Training SA

MailScanner mailscanner at SMITS.CO.UK
Tue Feb 24 11:03:51 GMT 2004


You make them clean the dust out of their machine with a straw and then
you run sa-learn against the offending messages with the --forget
option. ;-)

If this is a likely occurrence, give the spamchecker user only read
access (at least for a while) and manually check the folders for obvious
mistakes. You could even create a 'Forget me' public folder, folderdump
those messages in a separate directory and run sa-learn --forget against
them as part of the cron job.

Ultimately the whole point of feedback is that you assume that your
users know better than your filter.

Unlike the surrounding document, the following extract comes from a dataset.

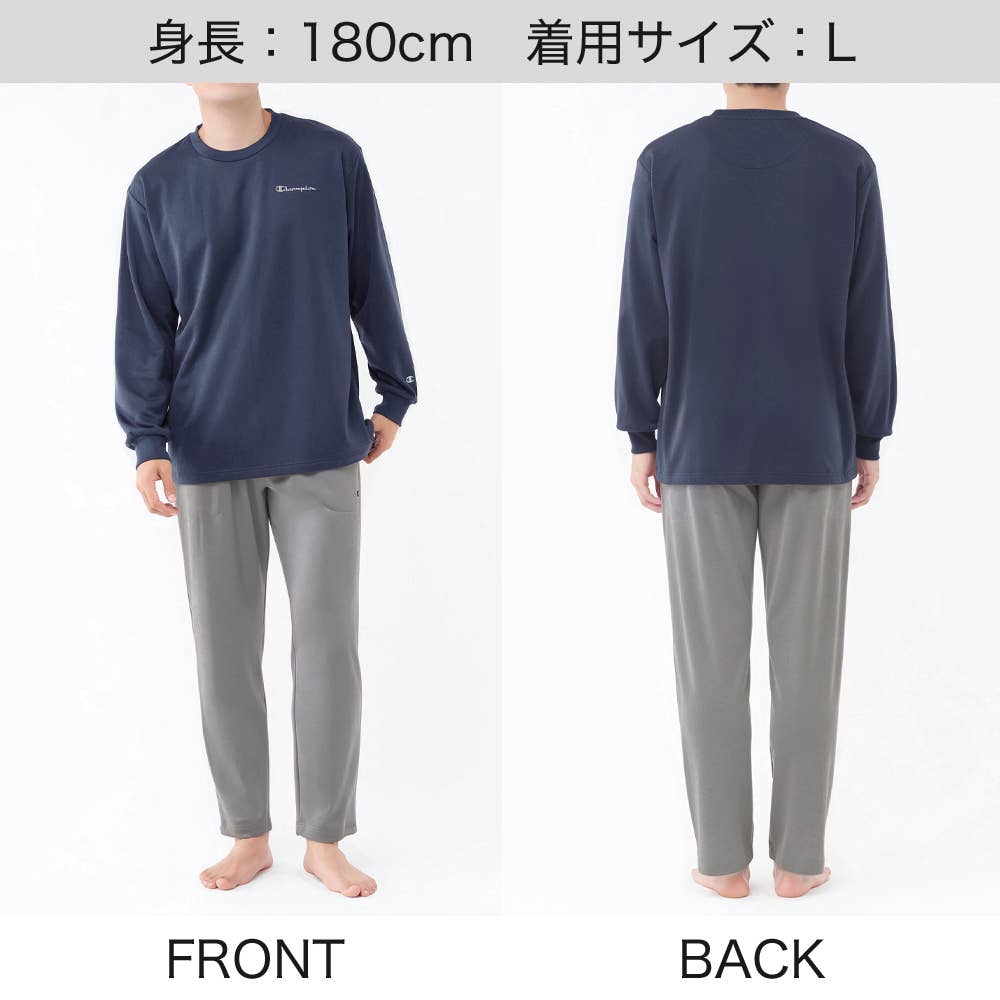 【裏ボア】 シンプル・シックで格好いい 長袖長パンツ ルームウェア OM8556EC E4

If this is not the case, then don't
give them access to feedback.

Bart...

-----Original Message-----
From: MailScanner mailing list [mailto:MAILSCANNER at JISCMAIL.AC.UK] On
Behalf Of Pete
Posted At: 24 February 2004 03:58
Posted To: MailScanner
Conversation: Training SA
Subject: Re: Training SA


Michael St. Laurent wrote:

>Okay, I've got the feedback mechanism in place for training the Bayes 
>engine.  Now for a few proceedural questions.  ;-D
>
>I have MailScanner set to add the {Spam?} tag to the Subject line and 
>to make the original message an attachment.  Will either of these throw

>off the training process?  Is the sa-learn program able to extract the 
>original message from the attachment and does it know that it should do
so?
>
>--
>Michael St. Laurent
>Hartwell Corporation
>
>
>
>
>
So what do you do when the silly users put all thier spam in the good
folder and thier ham in the junk folder an you have automatically
already run the sa-leanr stuff on it?

This would certainly be a frequent occurance if we implemented
this...how do you handle it?

The whole reason we havent used any manual bayes already is because we
dont want to create extra work, which i think could cause us.